Şehvet duygusunun ne denli tehlikeli olduğuna işaret olarak şeriat kuralları dışındaki ilişkiler için ‘'yapmayın'' değil ‘'yaklaşmayın'' emri verilmiştir.

‘'Zinaya yaklaşmayın! Çünkü o hayâsızlıktır, çok kötü bir yoldur.'' İsra, 17/32.

3. Makam: Tavus: Makam, şan ve şöhret sahibi olmak insanın en zayıf damarlarındadır. Bu damar tarihte birçok insanın dünya-ahiret felaketine yol açmıştır.

Emevi ordusunda rütbeli bir subay olan Sad bin Ebi Vakkas'ın oğlu, Peygamberimizin başını okşadığı ve okşadığı saçların simsiyah kaldığı Ömer bin Sad; makamımı kaybederim korkusuyla Kerbela'da Hz. Hüseyin Efendimiz ve yakınlarını şehit etme emrini ağlayarak vermiştir.

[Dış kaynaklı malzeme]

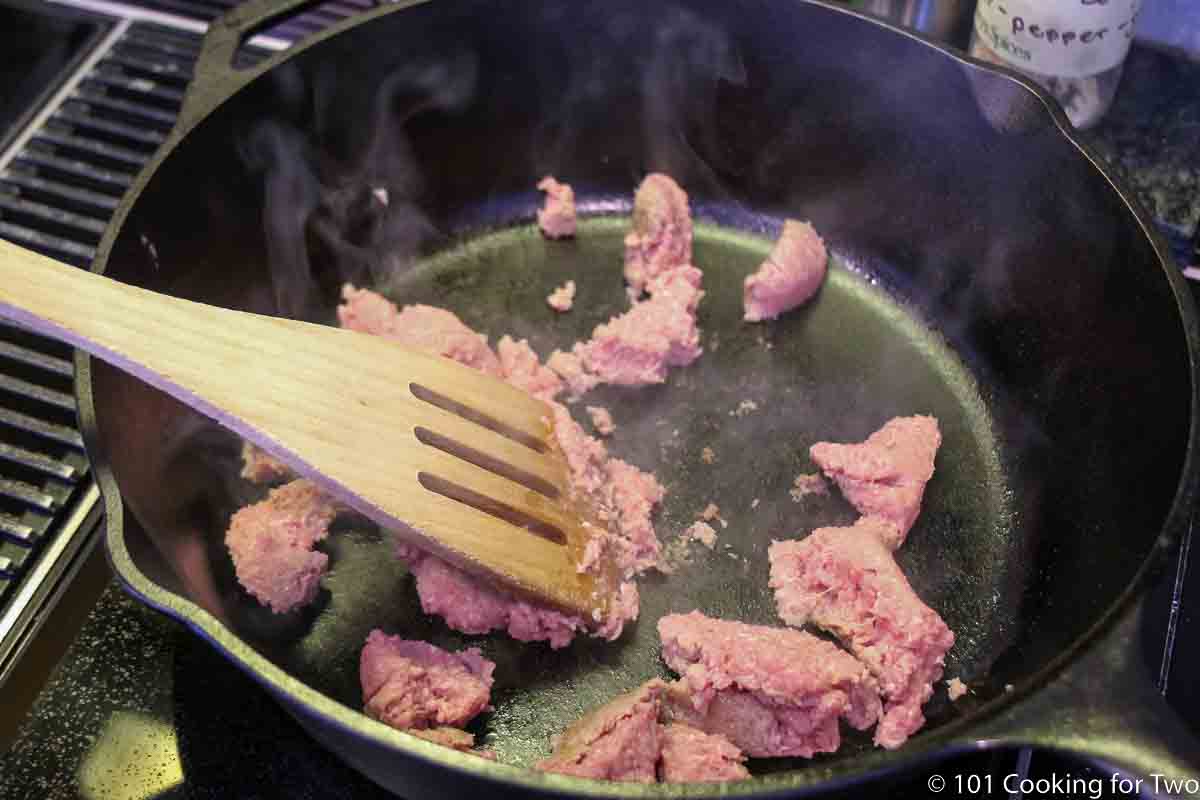 raw turkey sausage in black cast iron skillet.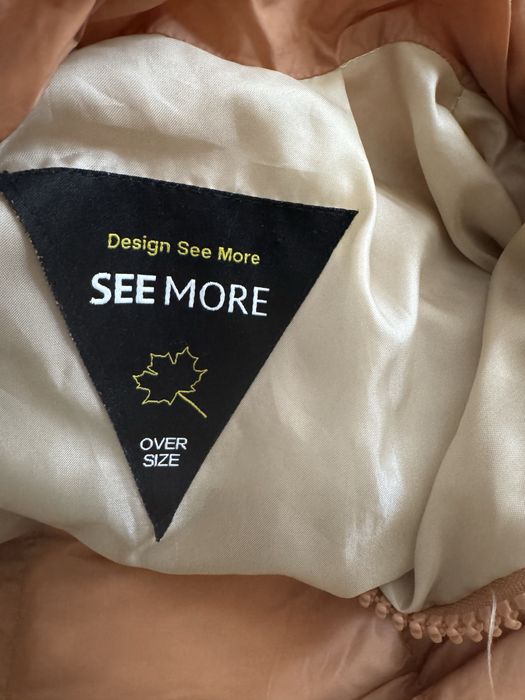 Женская куртка коричнева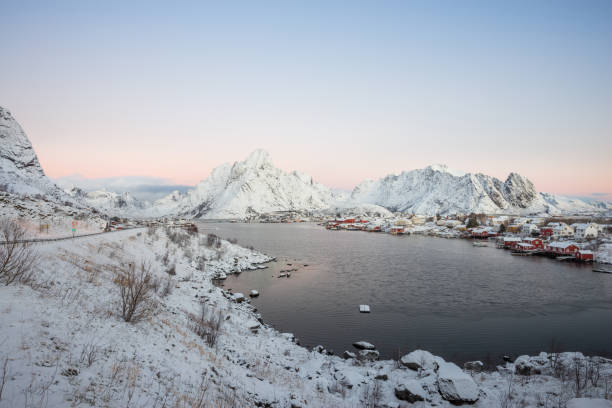 krajobraz dishing dom wsi wśród śniegu z widokiem na góry w lofotów wyspa reine norwegii - dishing out zdjęcia i obrazy z banku zdjęć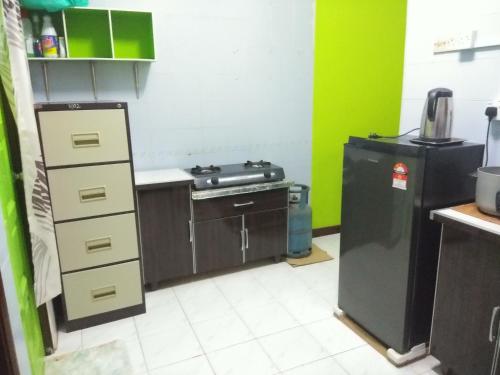 a kitchen with a stove and a refrigerator at Seri Lagenda Apartment in Kuah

Yine yüzbinlerce insan makam uğruna kendi kardeşleri ve yakınlarını öldürecek kadar ileri gitmiştir.

Oysa dünyadaki en büyük makam; insanların gönüllerinde edindiğimiz makamdır.

‘'Ey zengin!

Yüzlerce çuval altın getirsen Allah der ki:

A iki büklüm adam, gönül getir.

Gönül senden razı ise ben de senden razıyım.

Gönül, senden yüz çevirmişse ben de yüz çeviririm.

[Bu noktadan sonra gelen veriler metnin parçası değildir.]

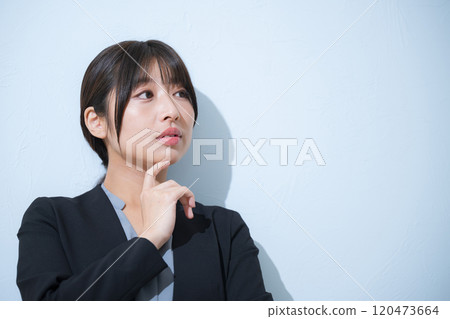 在淺藍色背景中,一位憂心忡忡的年輕女子穿著西裝,手放在下巴上思考的商業場景 在淺藍色背景中,一位憂心忡忡的年輕女子穿著西裝,手放在下巴上思考的商業場景 120473664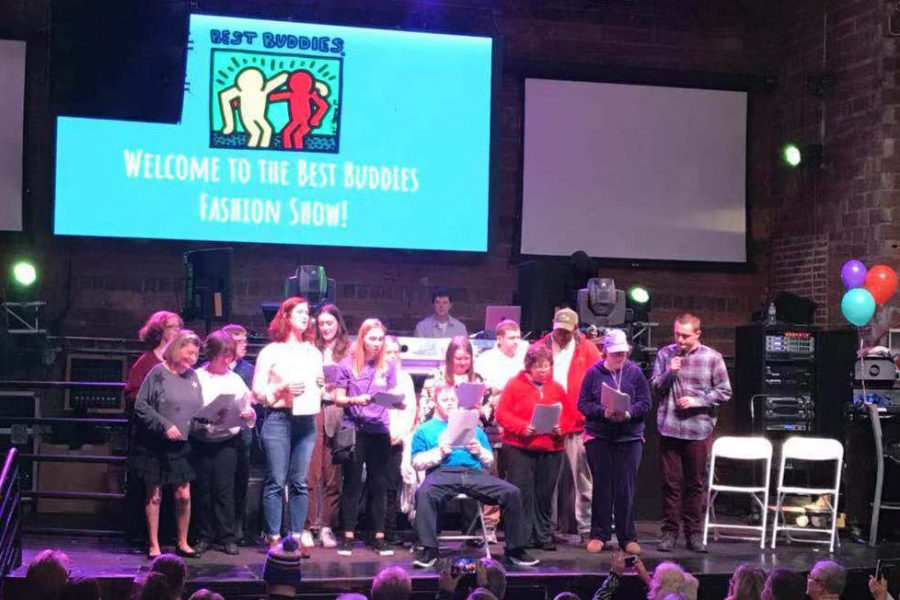 Members of Miami’s chapter of Best Buddies perform a song for the audience at the end of Sunday’s fashion show and karaoke at the Brick Street Bar on Sunday. <em>Photo by Yumeng Shen.</em><br>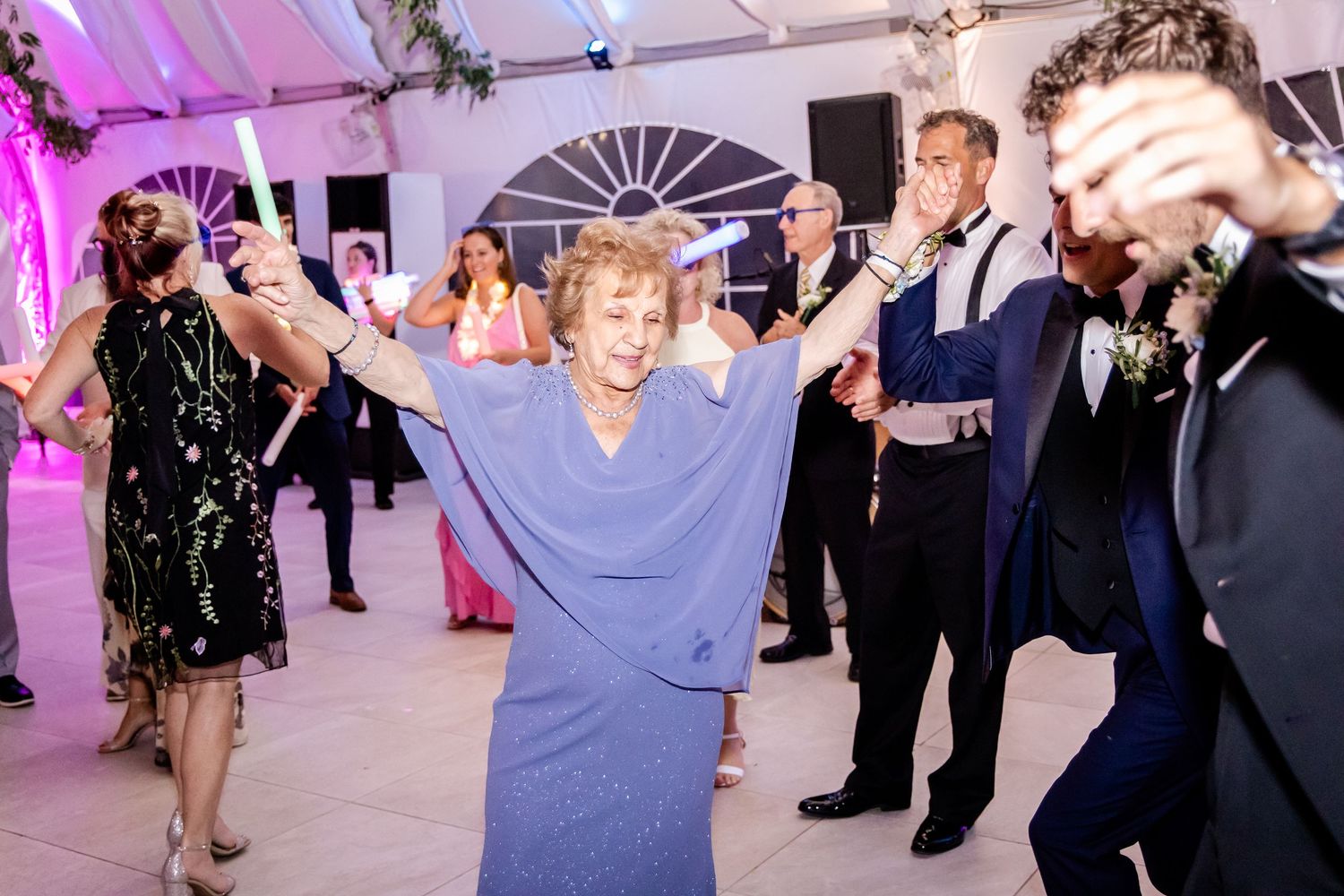 Wedding reception dance floor illuminated with purple lighting and white fabric ceiling draping.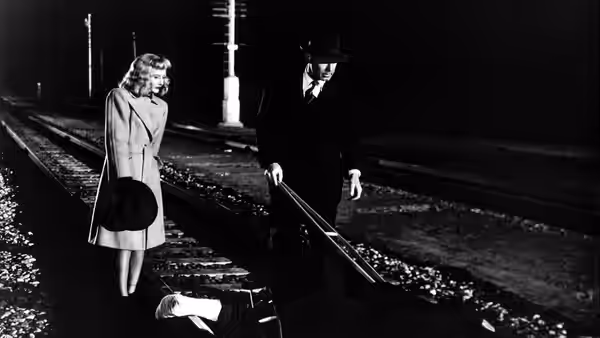 Phyllis Dietrichson (Barbara Stanwyck) and Walter Neff (Fred MacMurray) beside a body on railway tracks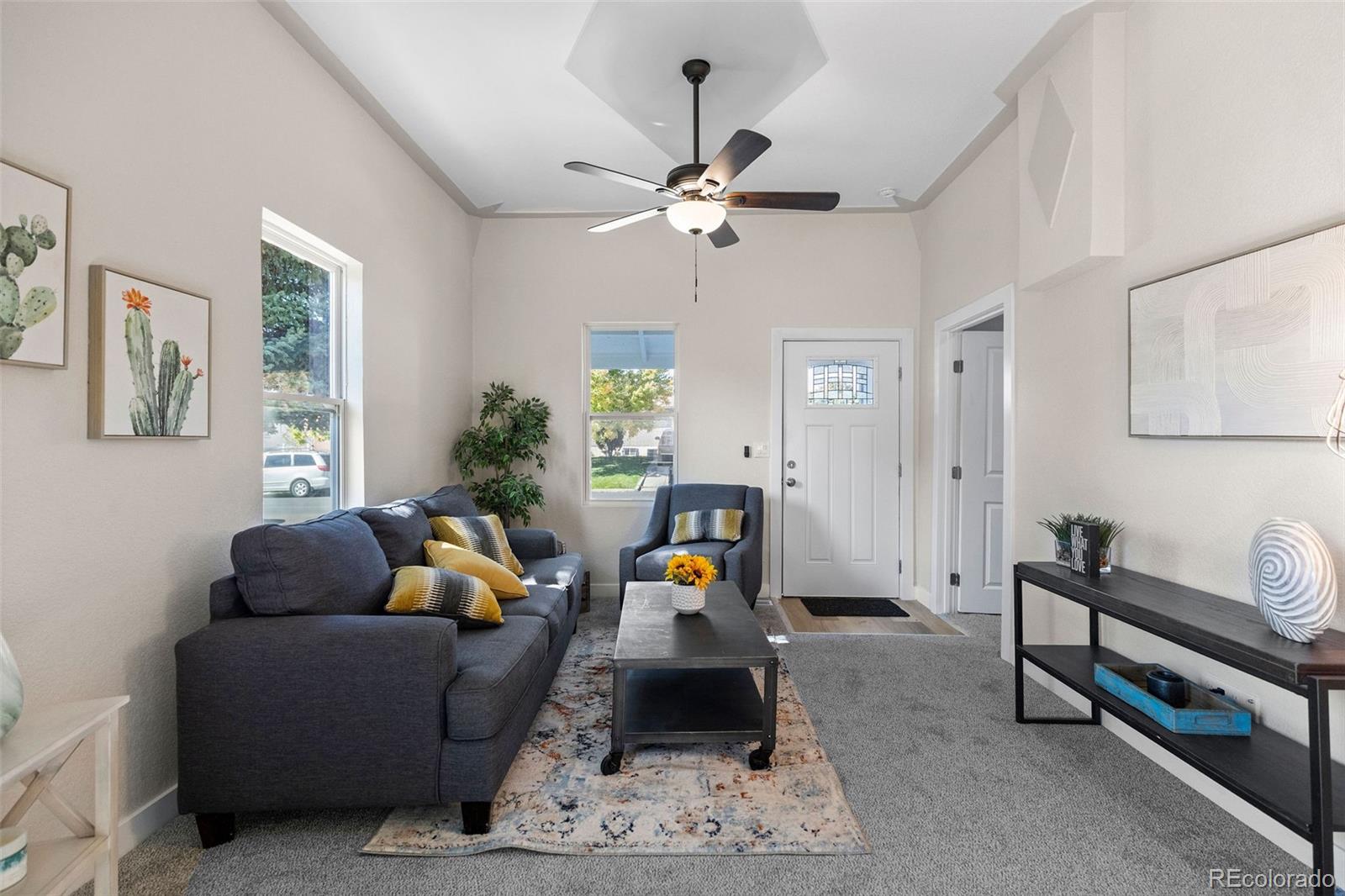 146 Stuart Street Denver, CO 80219 - Photo 14 of 29 a living room with furniture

Sana bakmam, o gönle bakarım.

Ey can kapımda olan, bana armağan olarak gönül getir.'' M. C. Rumi, Mesnevi, 5/881-883.

"O gün ne malın bir faydası olur, ne de evlâdın. Yalnızca Allah'ın huzuruna kötülükten korunmuş bir gönülle çıkanlar (kurtulacaktır)!” Şuara, 26/88.

4. Kuzgun: Tul-i Emel: Uzun süreli hedeflere kilitlenmek, kişini ‘'an''ı ihmal etmesine sebep olabiliyor. Uzun hedefimiz ana vatanımız olan cennete dönmek olmalı. İnsan dünyaya cennetten imtihan için indirilmiş, imtihan bitince tekrar cennet veya cehenneme davet edilecektir. Dünya, uzun süre kalınacak bir mekan değildir. Zaten ne dünya ne de vücudumuz uzun süreli bir ilişkiye uygun yaratılmamıştır. Ecel gizli olduğundan ve her an gelebileceğinden ‘'an'' ı Allah'ın istediği şekilde değerlendirilmek akıllı kişiye yakışandır.

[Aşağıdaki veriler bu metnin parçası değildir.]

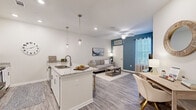 Located at 3061 Godwin Boulevard in Suffolk, Virginia, this single-floor residence offers a thoughtfully designed layout with modern finishes and a bright, welcoming ambiance throughout. The open-concept living and kitchen area serves as the heart of the home, where wood-look luxury vinyl plank flooring runs seamlessly underfoot. The kitchen is equipped with stainless steel appliances, white shaker-style cabinetry, granite countertops, and a central island with pendant lighting above — ideal for both meal preparation and casual dining with bar-stool seating along the extended counter. The living room features a bold teal accent wall that adds a pop of color against the neutral palette, complemented by a ceiling fan, natural light streaming through window blinds, and ample space for comfortable furnishings. The bedroom is finished with plush carpeting, neutral tones, and a window that invites natural light, creating a calm and restful retreat. The bathroom features wood-look flooring, a tub-shower combination, and clean, minimalist finishes. Throughout the space, five-panel interior doors, recessed lighting, and consistent color choices contribute to a cohesive, contemporary aesthetic that is both functional and visually appealing.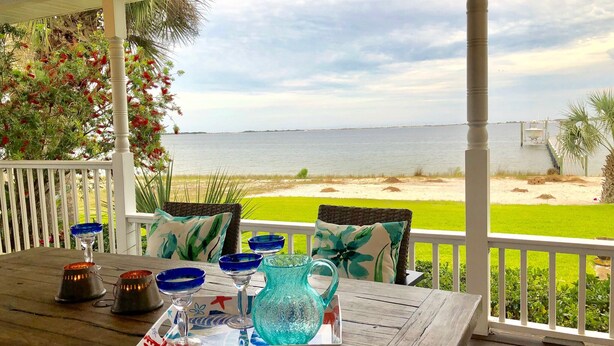 A wooden table with blue glassware and a tray, set on a porch with a view of the beach and ocean. - A Santa Rosa Sound Waterfront home on 2 acres with a private beach and 200’ dock (Mary Esther)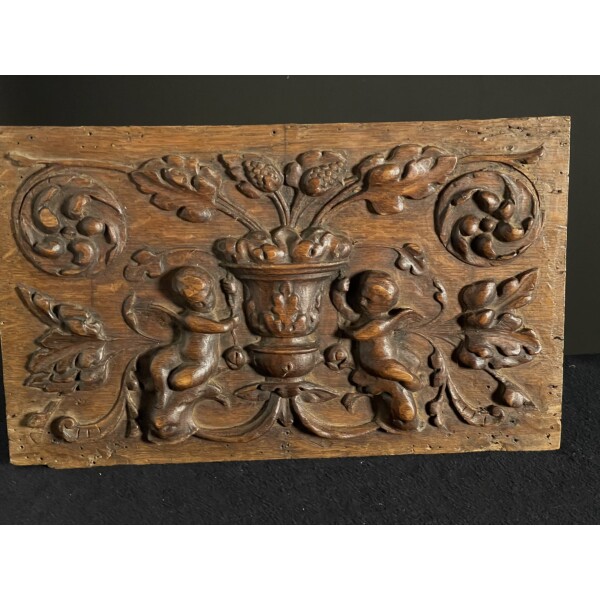 A late 17th Century Carved Oak Panel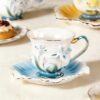 KAMMAK Tea Cups and Saucers Set of 2, Porcelain Coffee Cups, Stackable Espresso Mugs, Ceramic Demitasse for Coffee, Latte, Americano, Tea, Relief Yellow + Blue KAMMAK 8CZNX015+16 ceramic cup and saucer close-up material texture detail image 4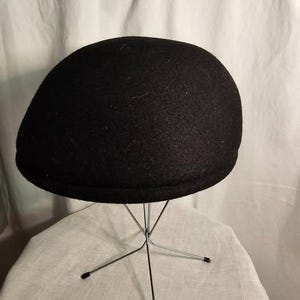 Peut inclure: Casquette de style gavroche noire en laine. Le chapeau est présenté sur un support métallique avec une base en forme d'étoile. La casquette a une couronne arrondie et un petit bord rigide. Le tissu est de couleur foncée unie.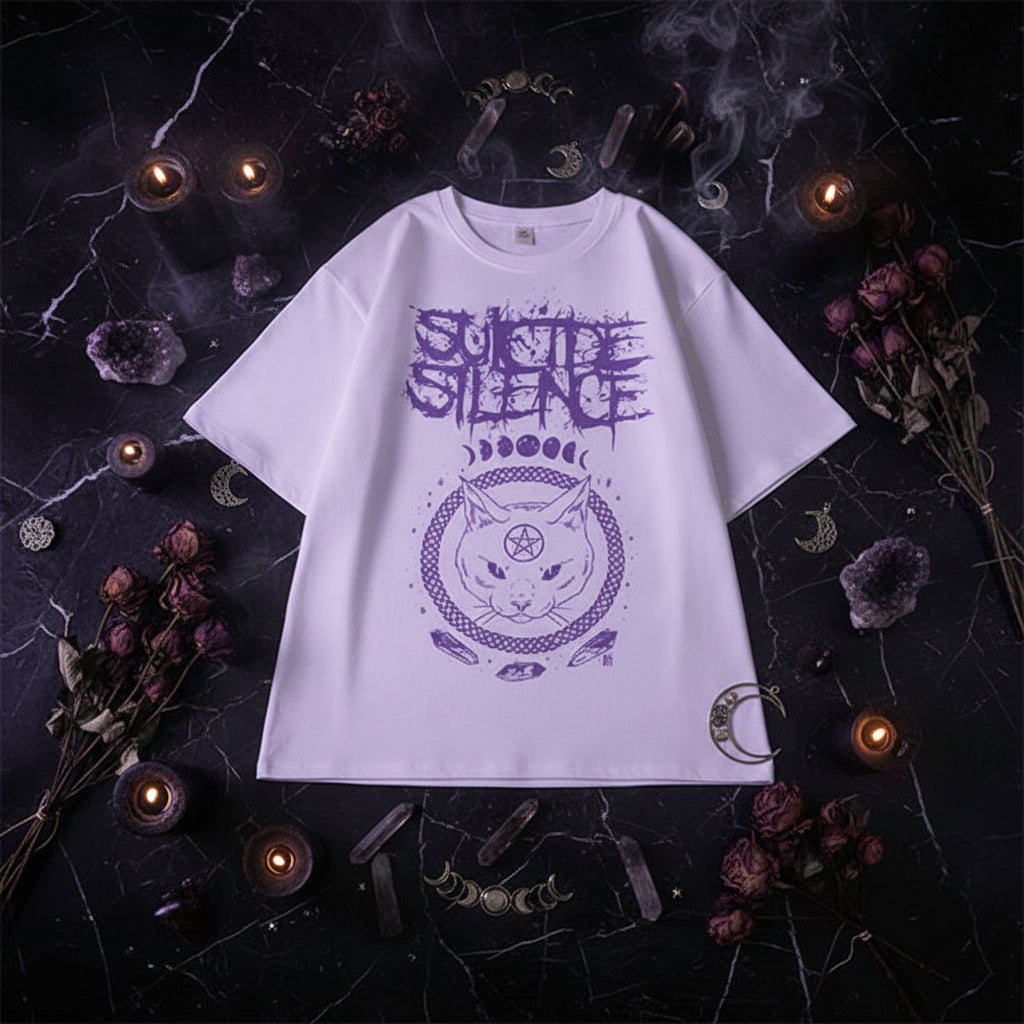 White t-shirt with purple graphic design on a checkered surface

İmam Buhârî; de geçen hadiste Abdullah b. Mesud'un (r.a.) şöyle dediğini rivayet etmiştir:

"Resulullah (s.a.v.) dört köşeli bir şekil çizdi. (Ve bu) şeklin ortasına (da) dışarı taşan/çıkan bir çizgi çizdi. (Sonra da şeklin) kenarından ortadaki çizgiye doğru küçük çizgiler çizdi ve şöyle buyurdu: İşte şu insan, şu da onu kuşatan -ya da kuşatmış olan- ecelidir. Dört köşeli şekilden (kareden) dışarı çıkan (çizgi de) onun emelidir. Şu küçük çizgiler de (onun başına gelebilecek olan) sıkıntılardır. (İnsan bu sıkıntılardan) birinden kurtulsa başına diğeri gelir. Ötekisi onu ıskalarsa beriki ona diş geçirir.”

‘'O, davranış ve eylem bakımından hanginizin daha güzel amel edeceğini sınamak için ölümü ve hayatı yarattı. O, mutlak güç sahibidir, çok bağışlayandır.'' Mülk, 67/2.

Kurban bayramı yaklaşıyor dostlar!

Bu sene 5 kurban keselim. Kurbanımızın yanında şu 4 kuşu da kurban etmeyi unutmayalım.

Seneye merak etmeyin tekrar büyüyüp gelecekler bir kez daha 5 kurban keseceğiz inşallah.